After discovering that the simplest solution at the top of the page wouldn’t work, looking a bit lower on the page led me to discover that a common problem on front-loading washing machines is the door lock. That makes sense, since the lock has to be secure, and that could lead to wear and breakdowns, considering how much of it is made of plastic. (Plastic parts not only cost less to manufacture, but also can lead to lucrative parts sales.)
After that, it was a matter of moments before I found a YouTube video explaining exactly how to do the repair I needed to do with only a needle-nose pliers and a Phillips screwdriver.
At this point, my masculinity was surging. Not only could I save some bucks, but I could shock my wife with my omnipotence. I would slay the dragon that threatened our happy home, by which I mean the trip to the Laundromat that the dirty clothes already piling up would too soon compel.
The video showed a similar model, not exactly the same as ours, but in all the important respects similar enough.
I love the earnestness of the man who made it. He is willingly sharing the secrets of his trade and helping destroy customer calls for members of his industry. Appliance repair is estimated to be a $4-billion-a-year industry, after all. For now.
All that remained was for me to identify the part number that I would need to replace the gizmo – child’s play – and Google the part number. That led to a range of prices from 25 bucks or so up to nearly $50. I checked how fast I could get delivery and found that at least two days would be necessary, so I again searched for parts sales for Frigidaire washers and found three locations, one of them in Berkeley.

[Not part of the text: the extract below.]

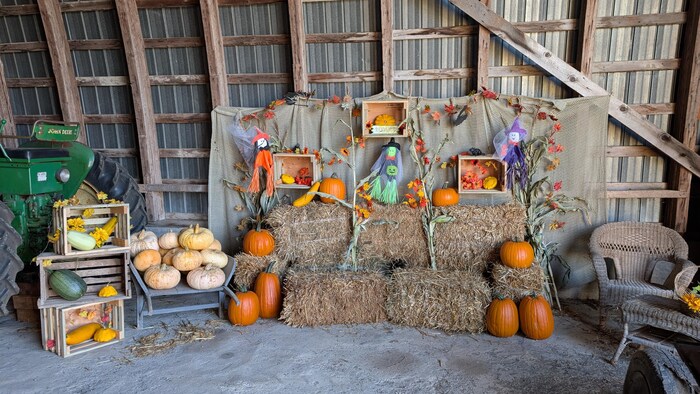 Un présentoir avec des décorations d'halloween, des balles de foin, des courges et des citrouilles.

A quick call revealed that I was offered the full retail price, which was $84, more than 300 percent higher than the cheapest online price. That’s probably what a service call technician would have charged me for the part at a minimum.
So I did something that would have been inconceivable for most of my life. Really, I would not have known where to start, and certainly would not have pulled stuff apart on any appliance to get into the guts. But I did it myself, with the help of Google and YouTube. This seems somehow momentous at a societal and economic level at the same time it is mundane at the personal level.
The Maytag Man was a semi-comic advertising character that debuted in 1967. Portrayed by the great character actor Jesse White, he was the “loneliest man in town” because Maytag appliances needed so little service.
A host of other actors portrayed the character over the years, and now it has been redefined beyond recognition. But the lonely appliance repairman may join a host of other occupations downsized by technology.